Makes about dozen patties
Porcini burger patty ingredients:
- 1kg grass-fed organic beef mince
- 50g dried porcini mushrooms
- 1 large onion, minced
- 4 cloves garlic, minced
- 2 eggs
- salt & pepper to taste
- Nasties free bacon
- Homemade paleo mayo
- Fresh pineapple, cut into thin slices
- Tomato, sliced
- Cucumber, sliced
- Spanish onion, sliced into rings
Place porcini mushrooms in a bowl and cover with boiling water. Let soak for 30 minutes. Drain and squeeze out excess water. (Tip: Collect the porcini soaking water and reduce it in a small sauce pot.
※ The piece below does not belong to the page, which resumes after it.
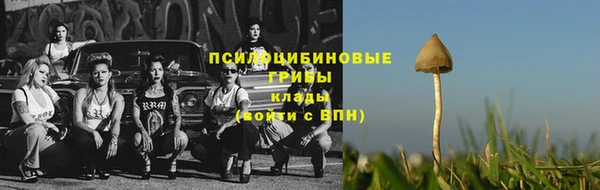 ешки Богородицк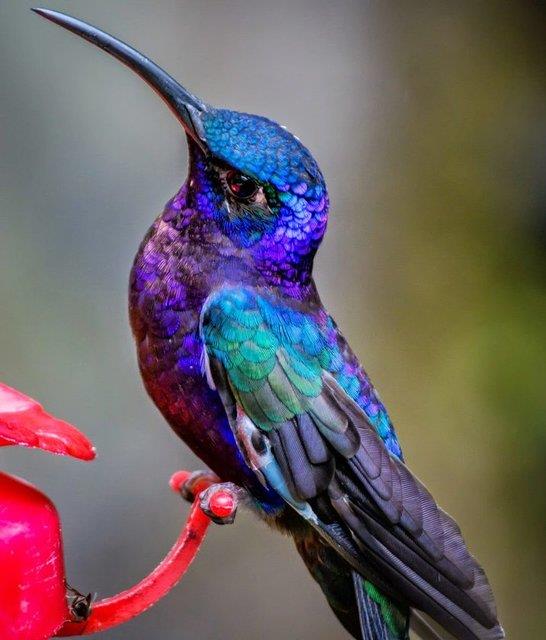 En artc zelliklerinden biri ise 1 dakika ierisinde 250 defa nefes alabilmesi.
You can use this to create delicious mushroom sauce to accompany your next steak meal!)
Mix the drained mushrooms with all the remaining burger patty ingredients (mince, onion, garlic, eggs, salt & pepper) in a bowl. Form into patties and cook on a BBQ. I use two egg rings stacked up to form the patties. This creates pretty patties that are all the same size and a perfect round shape. Before cooking, press the middle of the patties thinner so they don’t swell up while cooking.
While cooking the patties, fry the bacon slices and eggs on the BBQ as well.
Arrange lettuce, tomato, onion rings and cucumber onto plates. Place pineapple slices on top of the salad bed and top with guacamole. Stack patties on top of guacamole, smear mayo on patties and top with bacon and fried egg.